__Work order__: Take the line containing "Olivias Story: Protector of the Realm" and every line after it to the end of the records, and copy them exactly, excluding pictures.

** Records for processing follows **

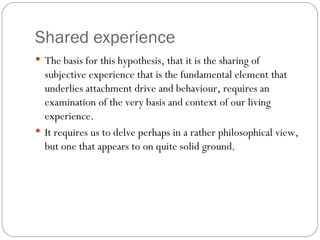 Shared experience The basis for this hypothesis, that it is the sharing of subjective experience that is the fundamental element that underlies attachment drive and behaviour, requires an examination of the very basis and context of our living experience.  It requires us to delve perhaps in a rather philosophical view, but one that appears to on quite solid ground. 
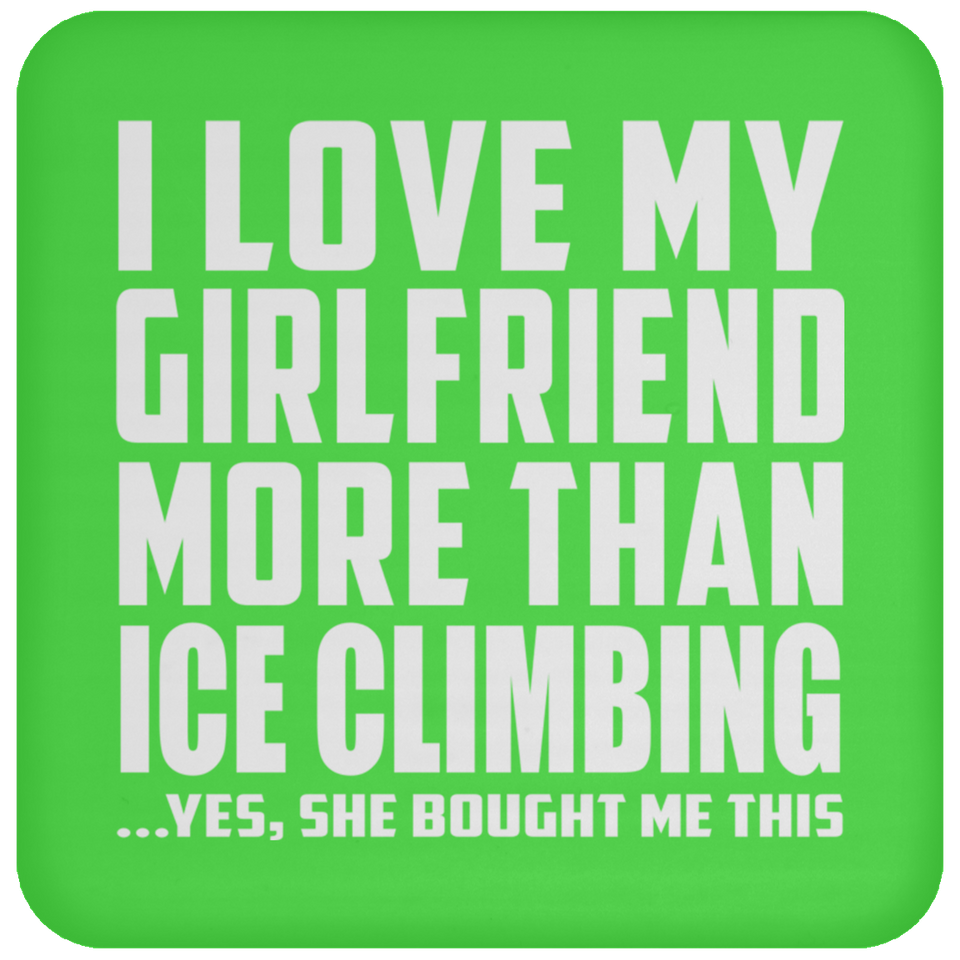 I Love My Girlfriend More Than Ice Climbing - Drink Coaster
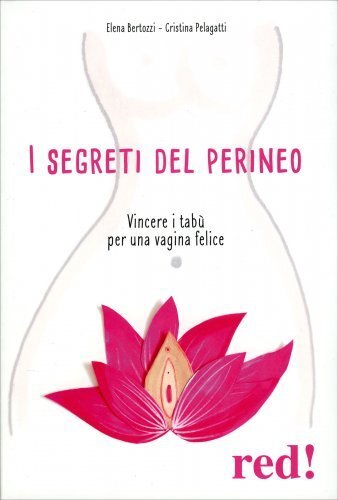 Libro segreti del perineo - i,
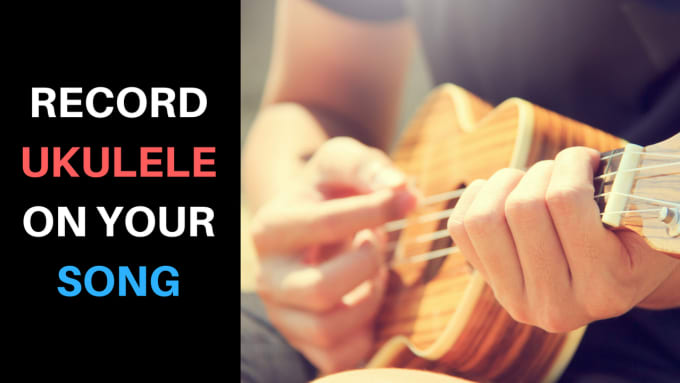 Gig Preview - Record ukulele on your song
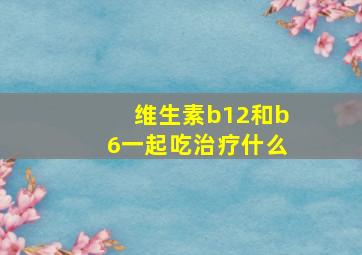 维生素b12和b6一起吃治疗什么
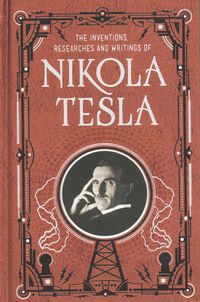 Produktbild: Tesla, N: Inventions, Researches and Writings of Nikola Tesl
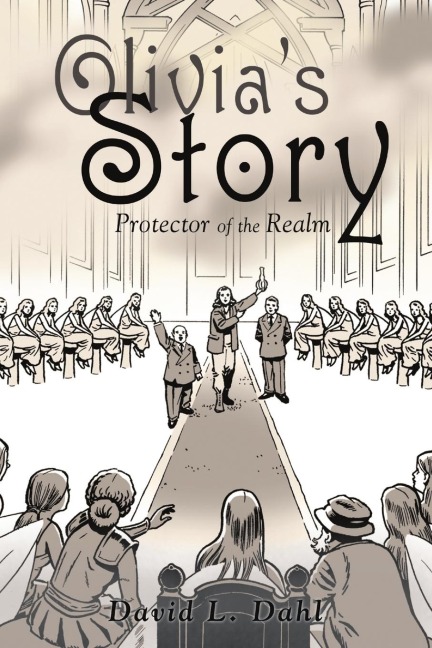 Olivias Story: Protector of the Realm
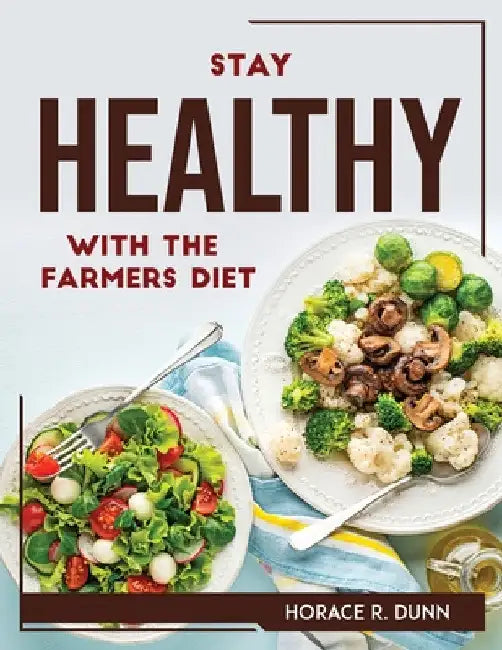 Stay Healthy with the Farmers Diet by Horace R Dunn
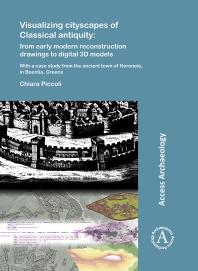 Visualizing Cityscapes of Classical Antiquity: from Early Modern Reconstruction Drawings to Digital 3D Models: With a Case Study from the Ancient Town of Koroneia in Boeotia, Greece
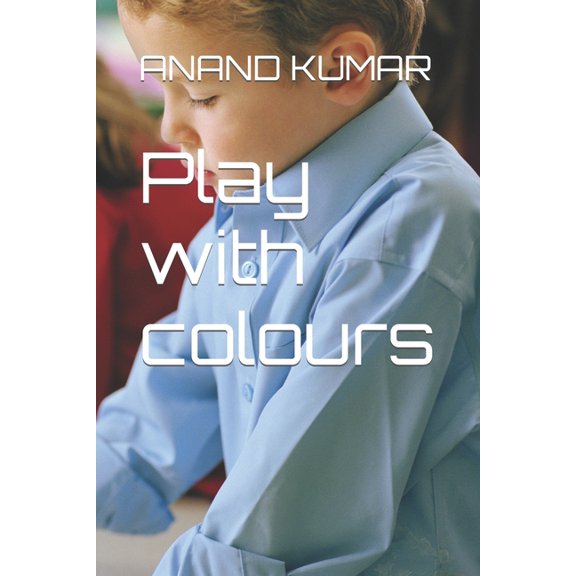 Play with colours: Just fill colours with creativity and learn basics of drawing. (Paperback)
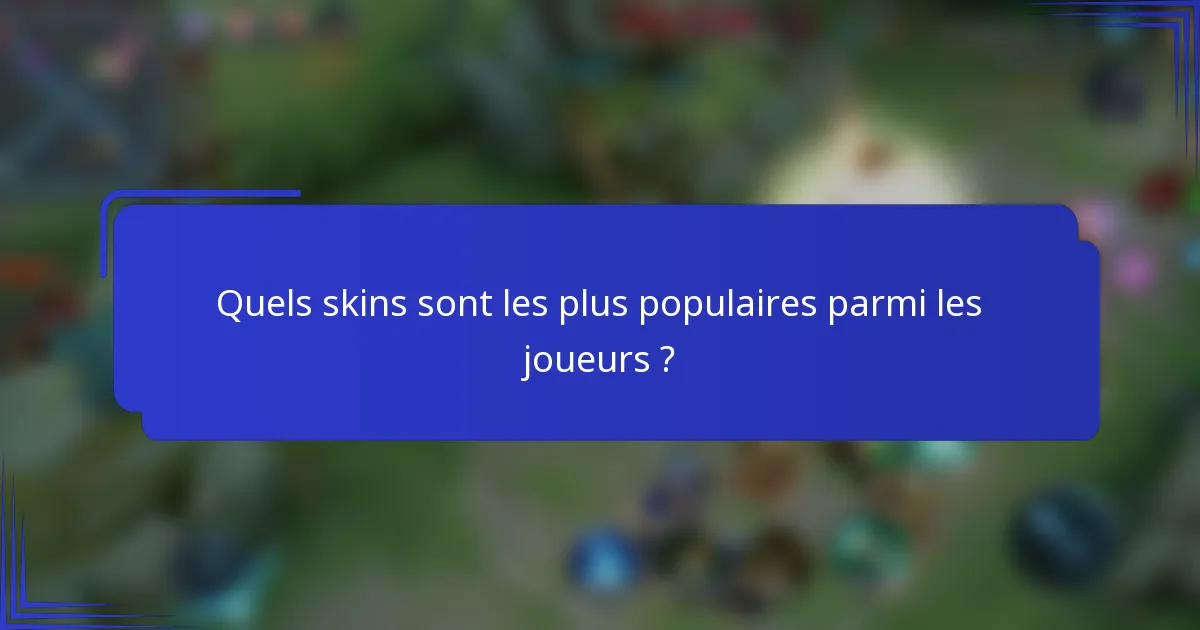 Quels skins sont les plus populaires parmi les joueurs ?
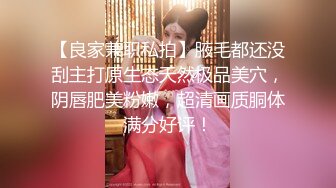 【良家兼职私拍】腋毛都还没刮主打原生态天然极品美穴，阴唇肥美粉嫩，超清画质胴体满分好评！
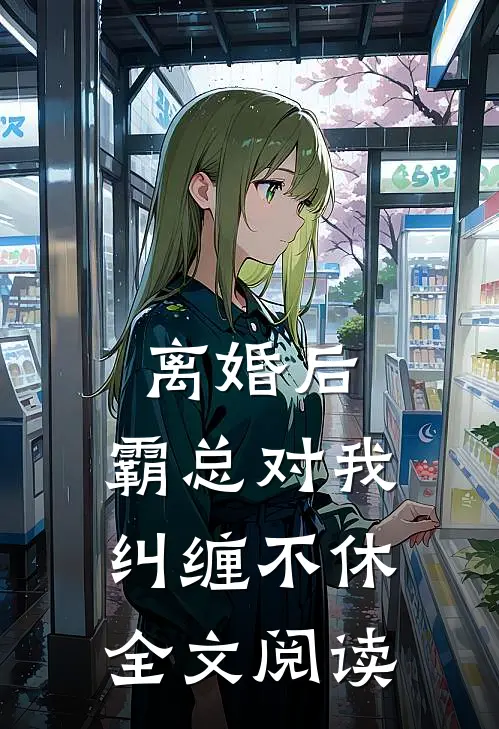 离婚后,霸总对我纠缠不休全文阅读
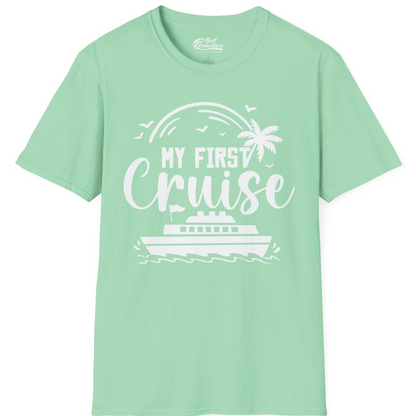 My First Cruise Shirt T-Shirt – Mint Green – Best Cruise Shirts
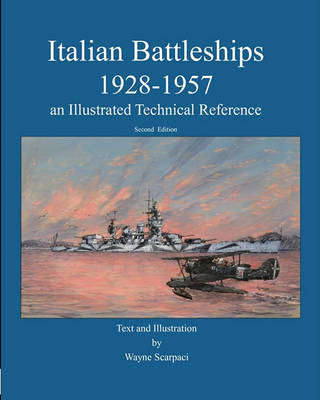 Book cover for Italian Battleships 1928-1957 an Illustrated Technical Reference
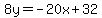 8y=-20x%2B32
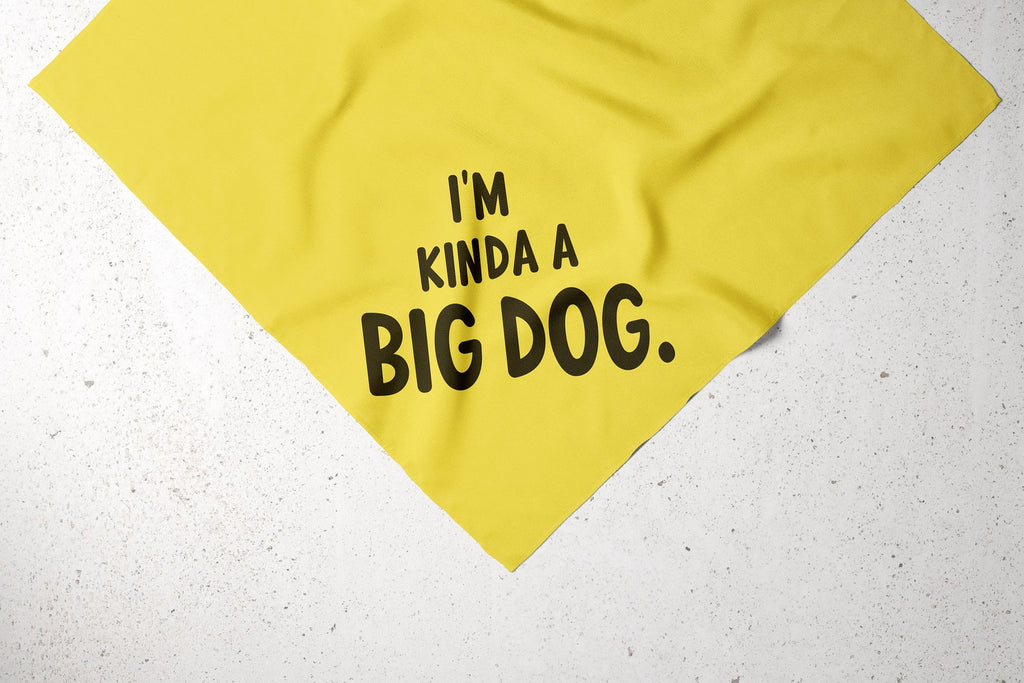 I'm Kinda a Big Dog Bandana in Yellow
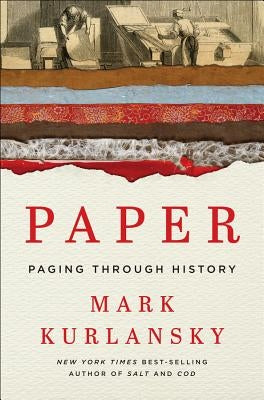Paper: Paging Through History by Kurlansky, Mark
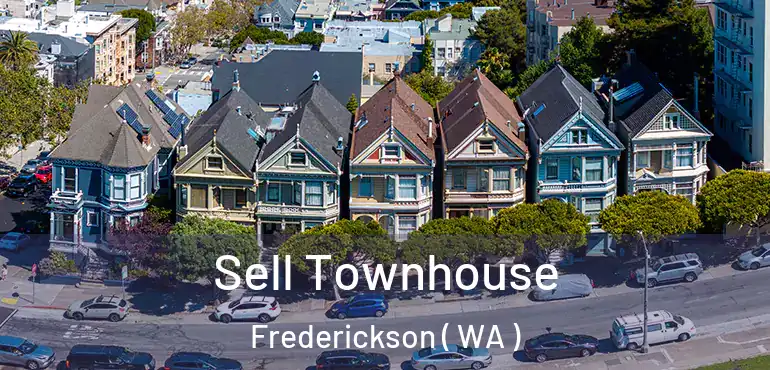  Sell Townhouse Frederickson ( WA )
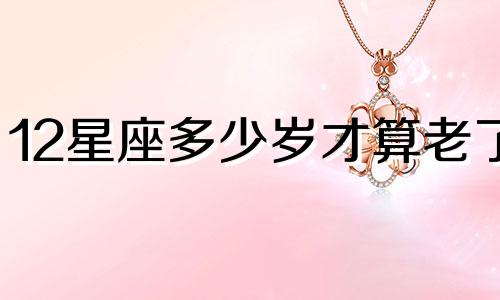12星座多少岁才算老了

** End of Records for processing **

__Written response__:
 Olivias Story: Protector of the Realm
 Stay Healthy with the Farmers Diet by Horace R Dunn
 Visualizing Cityscapes of Classical Antiquity: from Early Modern Reconstruction Drawings to Digital 3D Models: With a Case Study from the Ancient Town of Koroneia in Boeotia, Greece
 Play with colours: Just fill colours with creativity and learn basics of drawing. (Paperback)
 Quels skins sont les plus populaires parmi les joueurs ?
 【良家兼职私拍】腋毛都还没刮主打原生态天然极品美穴，阴唇肥美粉嫩，超清画质胴体满分好评！
 离婚后,霸总对我纠缠不休全文阅读
 My First Cruise Shirt T-Shirt – Mint Green – Best Cruise Shirts
 Book cover for Italian Battleships 1928-1957 an Illustrated Technical Reference
 8y=-20x%2B32
 I'm Kinda a Big Dog Bandana in Yellow
Paper: Paging Through History by Kurlansky, Mark
  Sell Townhouse Frederickson ( WA )
12星座多少岁才算老了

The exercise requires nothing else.